12:00, Wed 28 May 1997, WeH 7220

      Statistical Learning Algorithms Based on Bregman Distances

                          John Lafferty 

We present a class of statistical learning algorithms formulated in
terms of minimizing Bregman distances, a family of generalized entropy
measures associated with convex functions.  The inductive learning
scheme is akin to growing a decision tree, with the Bregman distance
filling the role of the impurity function in tree-based classifiers.
Our approach is based on two components.  In the feature selection step,
each linear constraint in a pool of candidate features is evaluated by
the reduction in Bregman distance that would result from adding it to
the model.  In the constraint satisfaction step, all of the parameters
are adjusted to minimize the Bregman distance subject to the chosen
constraints.  We introduce a new iterative estimation algorithm for
carrying out both the feature selection and constraint satisfaction
steps, and outline a proof of the convergence of these algorithms.
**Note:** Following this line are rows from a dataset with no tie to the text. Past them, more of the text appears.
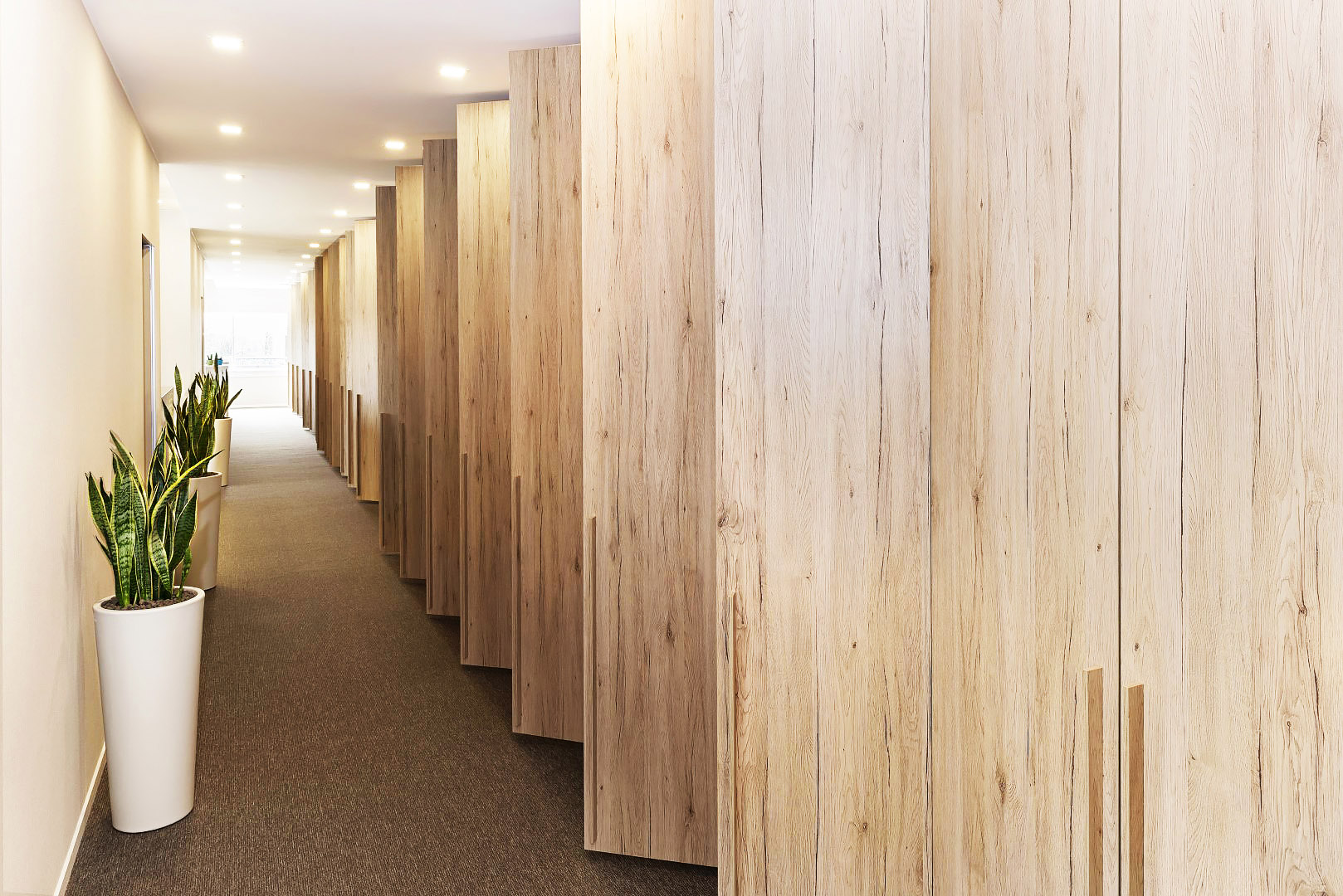 2017 年完成的 ECT 企业总部室内设计案例-5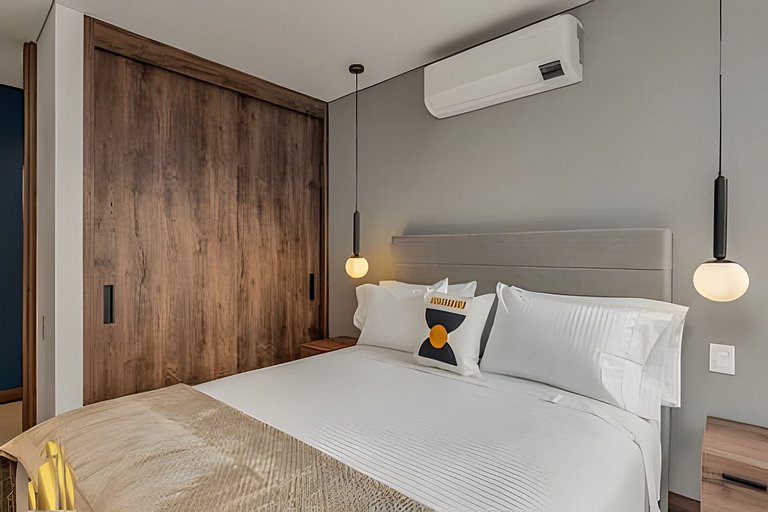 Morph 1602 - Luxury escape in Poblado/Jacuzzi/AC
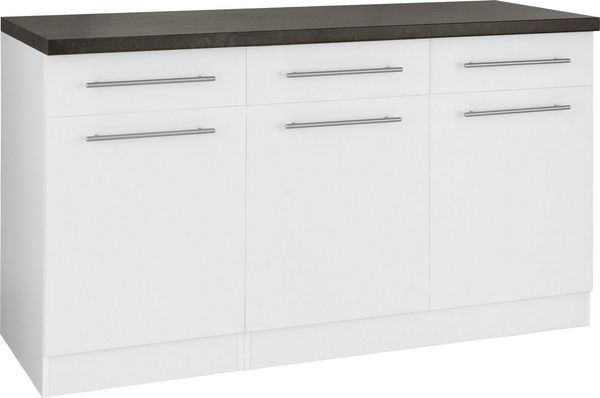 wiho Küchen Unterschrank Unna 150 cm breit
Informal Note: Lately, I often ask machine learning types if they've
heard of Bregman distances.  No one I've ever asked has!  This family of
"distances" might be worth knowing about, however, in light of Csiszar's
results on axiomatic characterizations of statistical inference
problems.  They are also widely used in certain inverse problems that
come up in computerized tomography.  This is based on a paper I'll
present at the upcoming Canadian Workshop on Information Theory at the
Fields Institute in Toronto.